**Problem description:** Only the tail of the listing is wanted: the line containing "Volkswagen T-Cross I, 2022" and all after it, repeated exactly, pictures omitted.

= = =

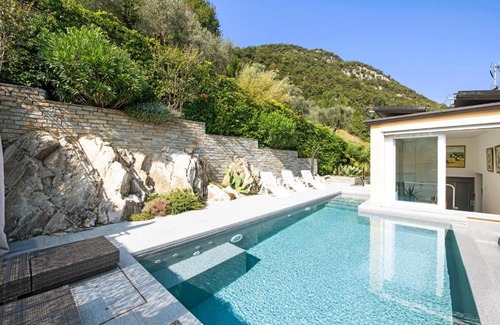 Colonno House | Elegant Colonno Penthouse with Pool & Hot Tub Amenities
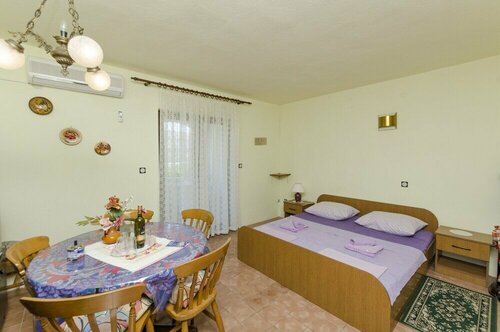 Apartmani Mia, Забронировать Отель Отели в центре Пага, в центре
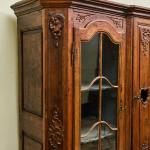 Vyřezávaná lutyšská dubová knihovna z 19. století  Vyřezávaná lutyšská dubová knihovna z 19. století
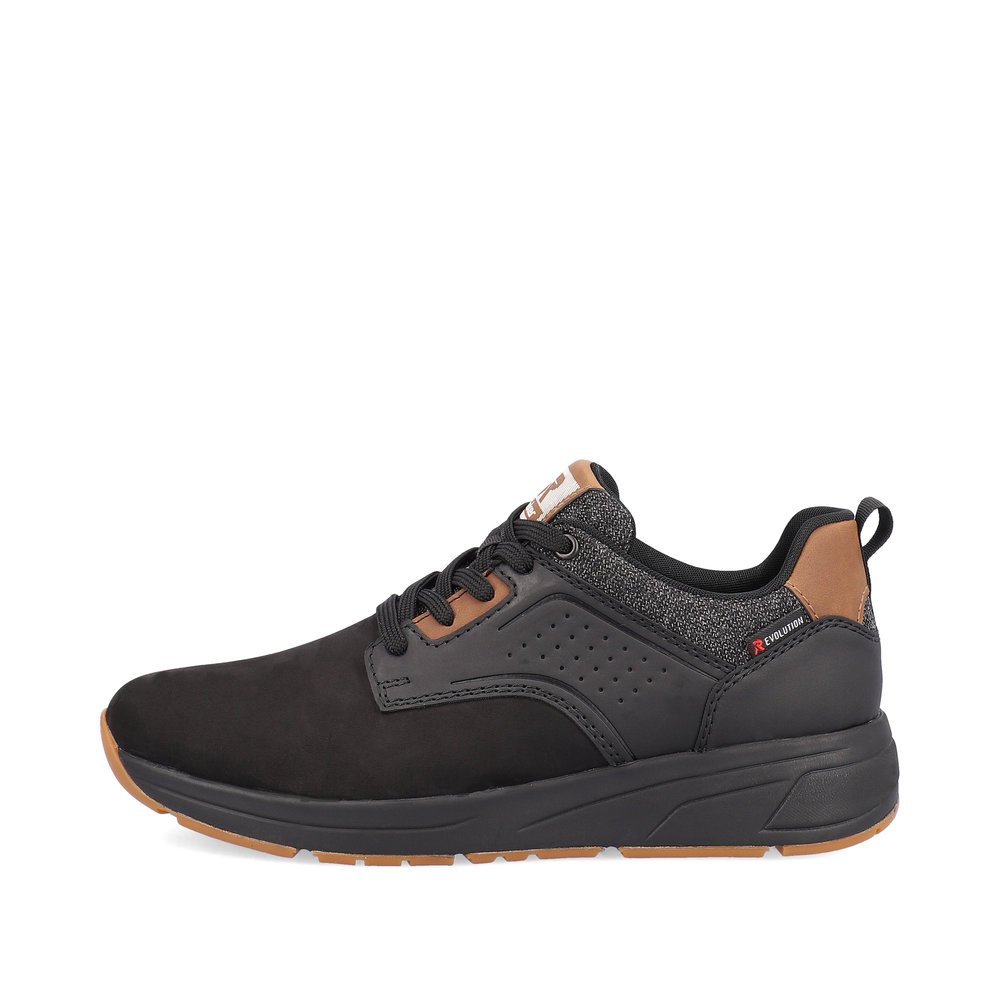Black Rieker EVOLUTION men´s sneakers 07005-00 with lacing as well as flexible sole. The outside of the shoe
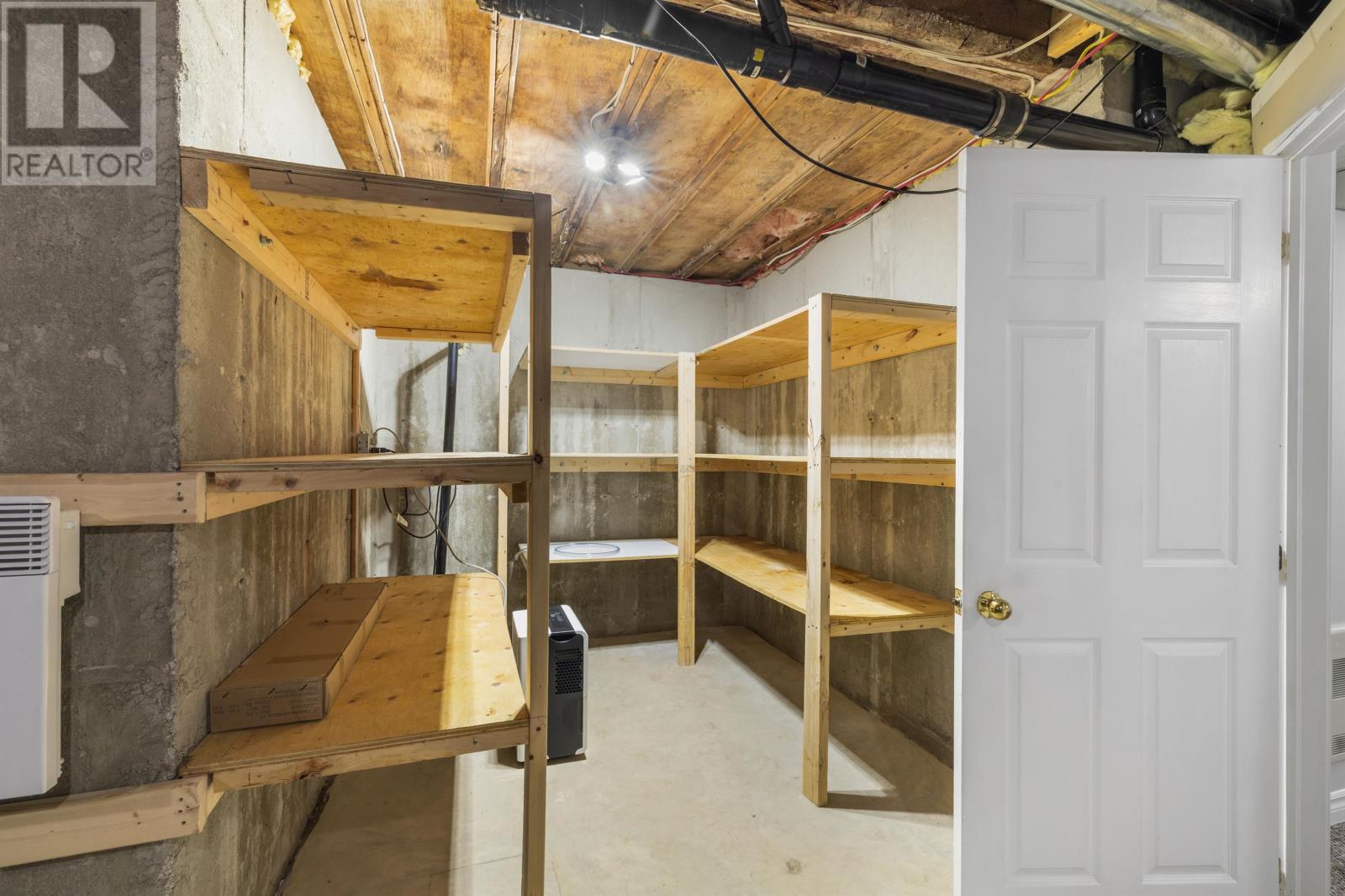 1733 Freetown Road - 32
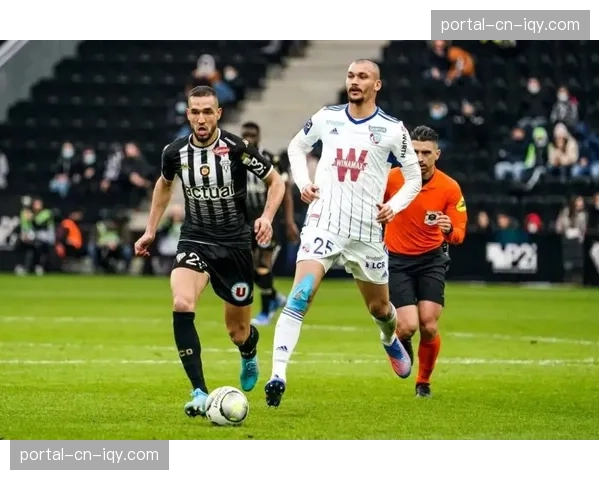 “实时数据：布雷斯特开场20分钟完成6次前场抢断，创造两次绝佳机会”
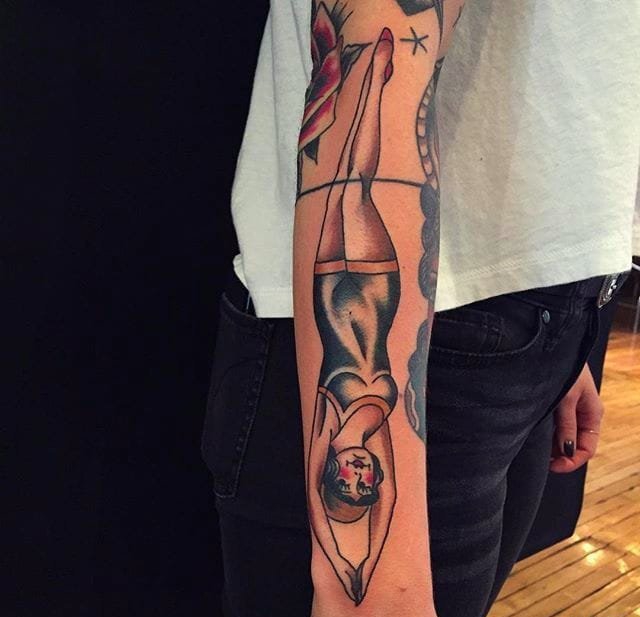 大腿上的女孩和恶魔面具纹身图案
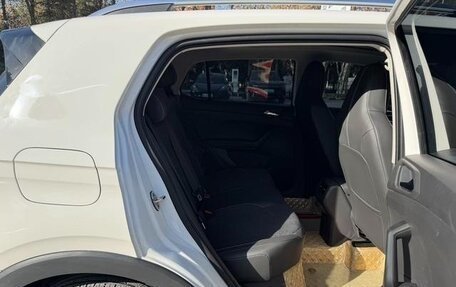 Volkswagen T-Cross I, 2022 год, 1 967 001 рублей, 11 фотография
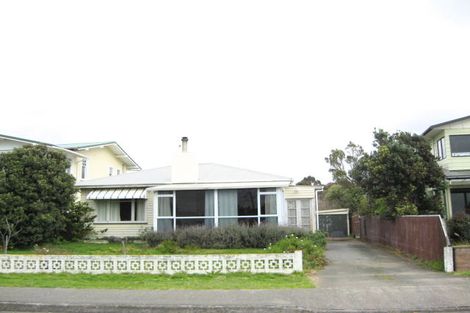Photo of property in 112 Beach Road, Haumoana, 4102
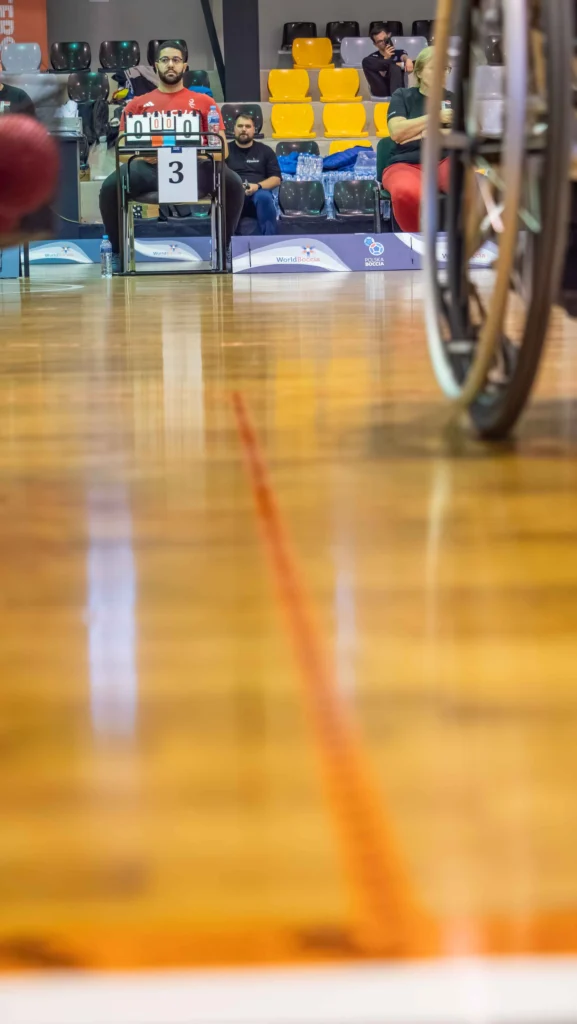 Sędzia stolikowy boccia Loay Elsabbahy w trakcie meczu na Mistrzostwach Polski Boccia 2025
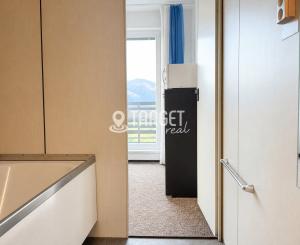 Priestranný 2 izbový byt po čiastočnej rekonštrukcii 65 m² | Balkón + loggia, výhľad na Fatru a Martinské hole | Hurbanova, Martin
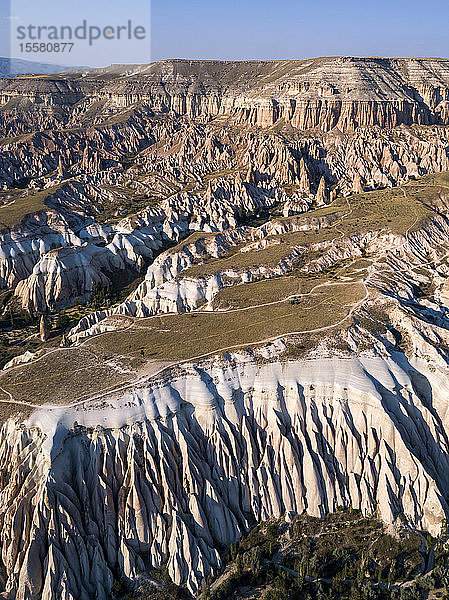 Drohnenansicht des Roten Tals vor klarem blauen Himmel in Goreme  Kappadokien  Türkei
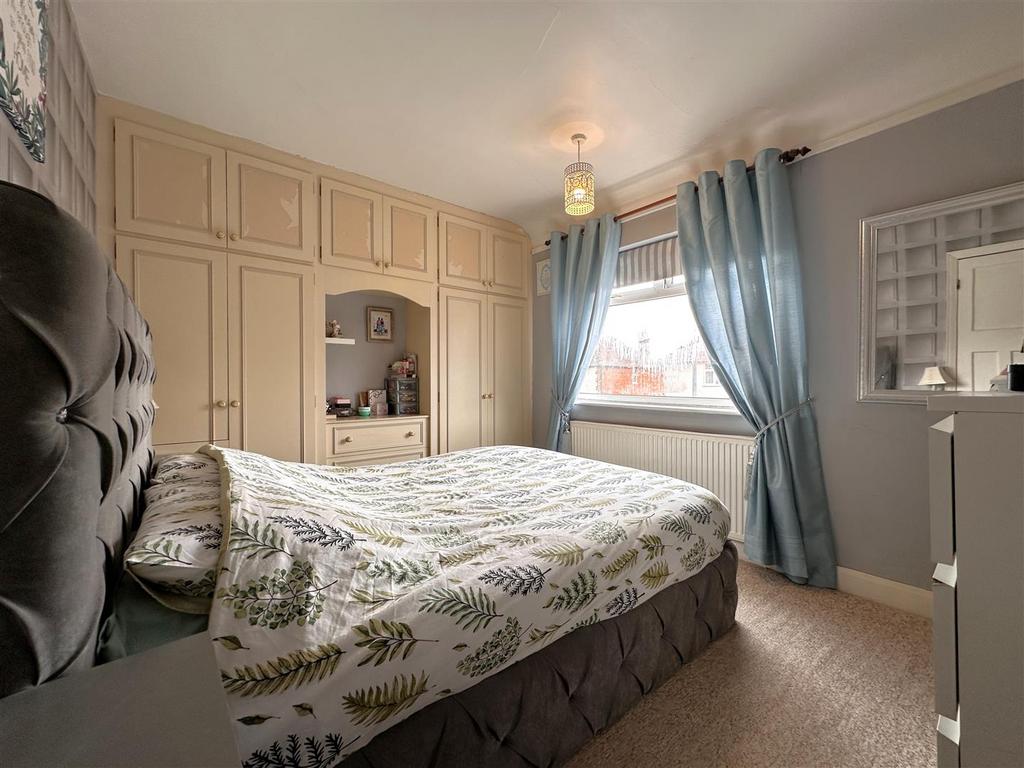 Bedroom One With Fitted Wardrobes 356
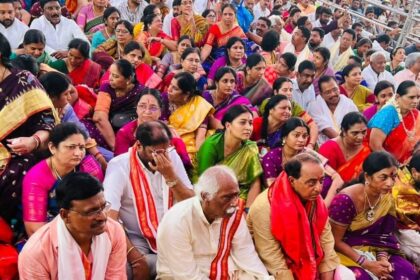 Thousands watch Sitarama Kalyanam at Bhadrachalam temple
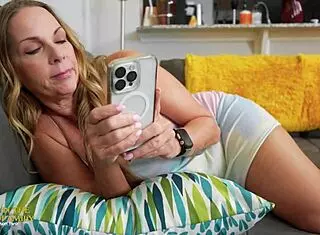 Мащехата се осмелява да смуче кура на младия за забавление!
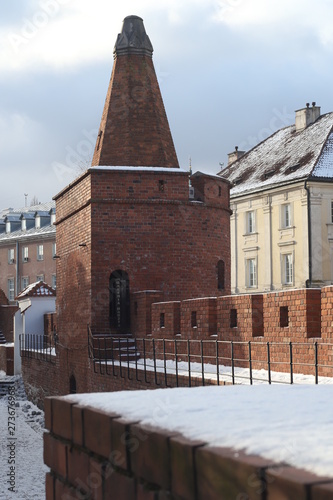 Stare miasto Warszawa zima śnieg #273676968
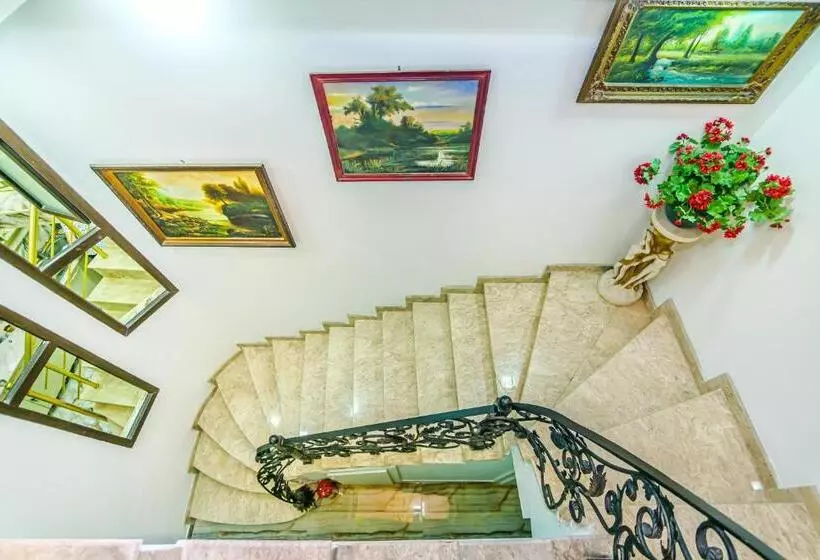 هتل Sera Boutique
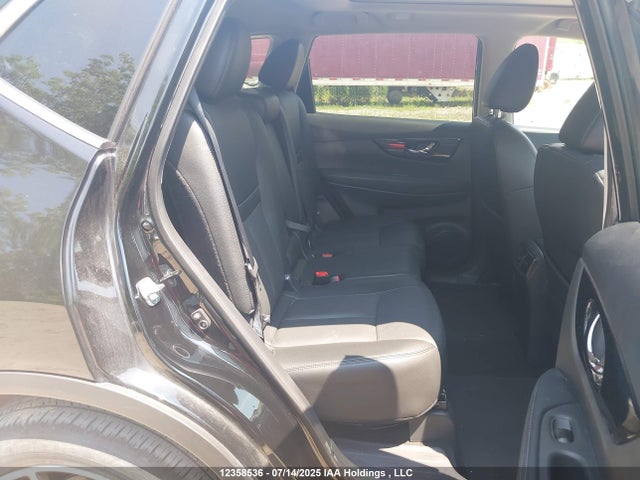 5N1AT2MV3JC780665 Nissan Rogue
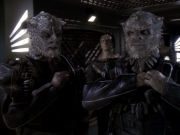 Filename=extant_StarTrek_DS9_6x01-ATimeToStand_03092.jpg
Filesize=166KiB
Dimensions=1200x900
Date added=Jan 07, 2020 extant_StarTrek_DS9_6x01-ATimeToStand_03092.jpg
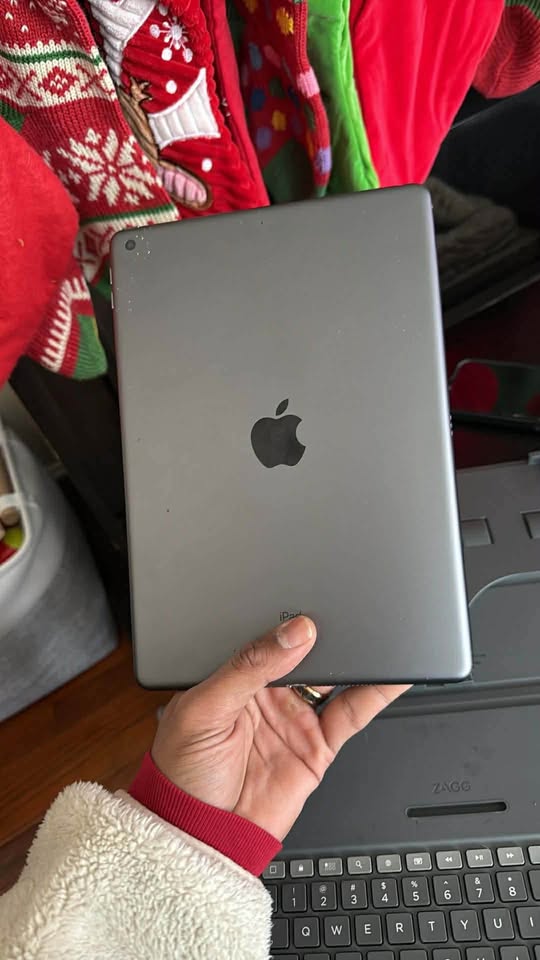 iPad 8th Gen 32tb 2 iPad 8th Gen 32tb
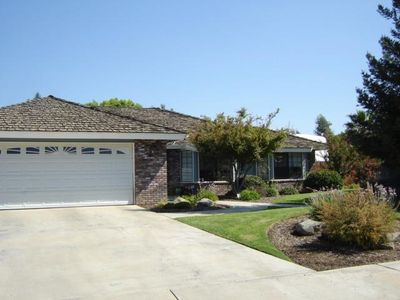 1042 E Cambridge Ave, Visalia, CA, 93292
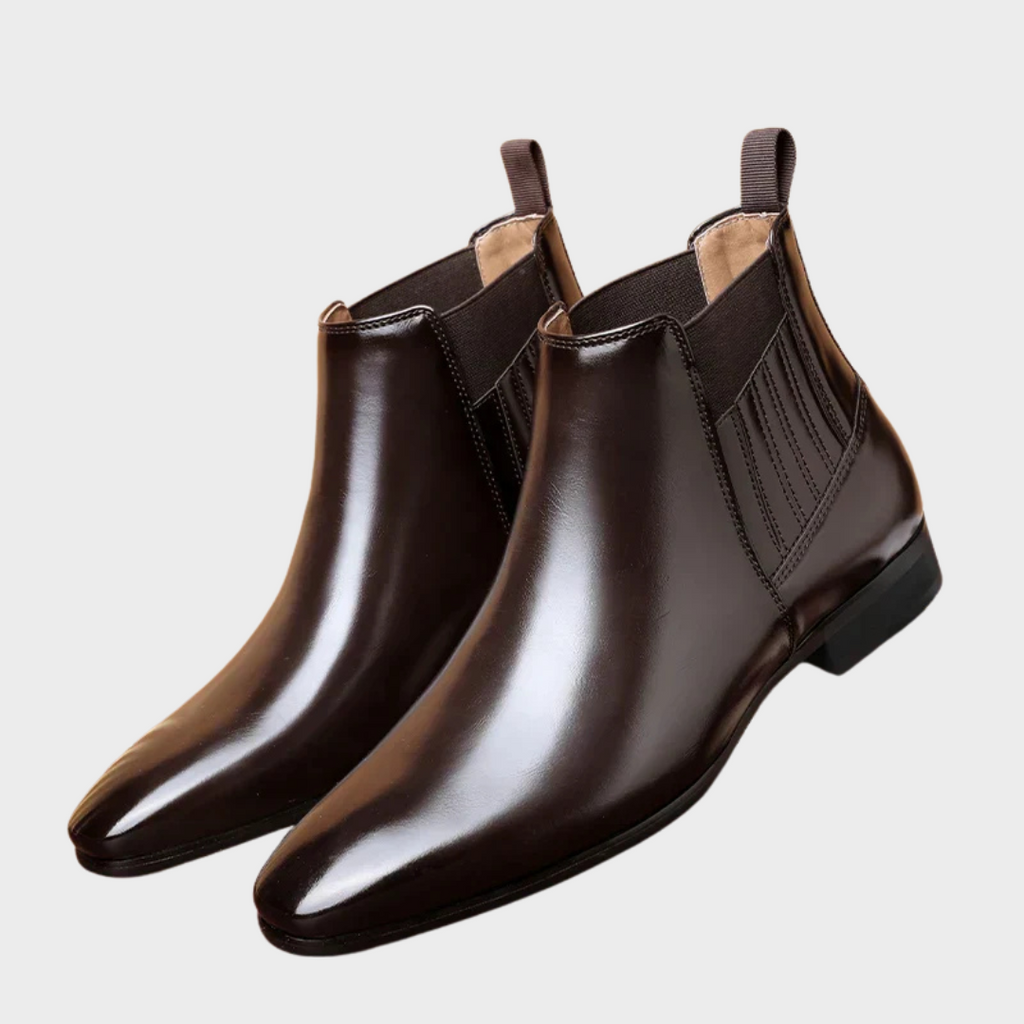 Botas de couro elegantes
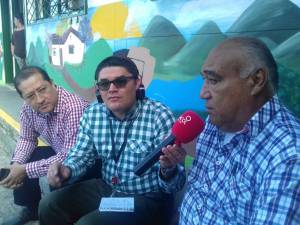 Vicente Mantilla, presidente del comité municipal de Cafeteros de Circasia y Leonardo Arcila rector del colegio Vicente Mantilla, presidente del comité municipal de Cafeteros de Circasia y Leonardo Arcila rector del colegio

= = =

**Task answer:**
 Volkswagen T-Cross I, 2022 год, 1 967 001 рублей, 11 фотография
Photo of property in 112 Beach Road, Haumoana, 4102
 Sędzia stolikowy boccia Loay Elsabbahy w trakcie meczu na Mistrzostwach Polski Boccia 2025
 Priestranný 2 izbový byt po čiastočnej rekonštrukcii 65 m² | Balkón + loggia, výhľad na Fatru a Martinské hole | Hurbanova, Martin
 Drohnenansicht des Roten Tals vor klarem blauen Himmel in Goreme  Kappadokien  Türkei
 Bedroom One With Fitted Wardrobes 356
 Thousands watch Sitarama Kalyanam at Bhadrachalam temple
 Мащехата се осмелява да смуче кура на младия за забавление!
 Stare miasto Warszawa zima śnieg #273676968
 هتل Sera Boutique
 5N1AT2MV3JC780665 Nissan Rogue
 Filename=extant_StarTrek_DS9_6x01-ATimeToStand_03092.jpg
Filesize=166KiB
Dimensions=1200x900
Date added=Jan 07, 2020 extant_StarTrek_DS9_6x01-ATimeToStand_03092.jpg
 iPad 8th Gen 32tb 2 iPad 8th Gen 32tb
 1042 E Cambridge Ave, Visalia, CA, 93292
 Botas de couro elegantes
 Vicente Mantilla, presidente del comité municipal de Cafeteros de Circasia y Leonardo Arcila rector del colegio Vicente Mantilla, presidente del comité municipal de Cafeteros de Circasia y Leonardo Arcila rector del colegio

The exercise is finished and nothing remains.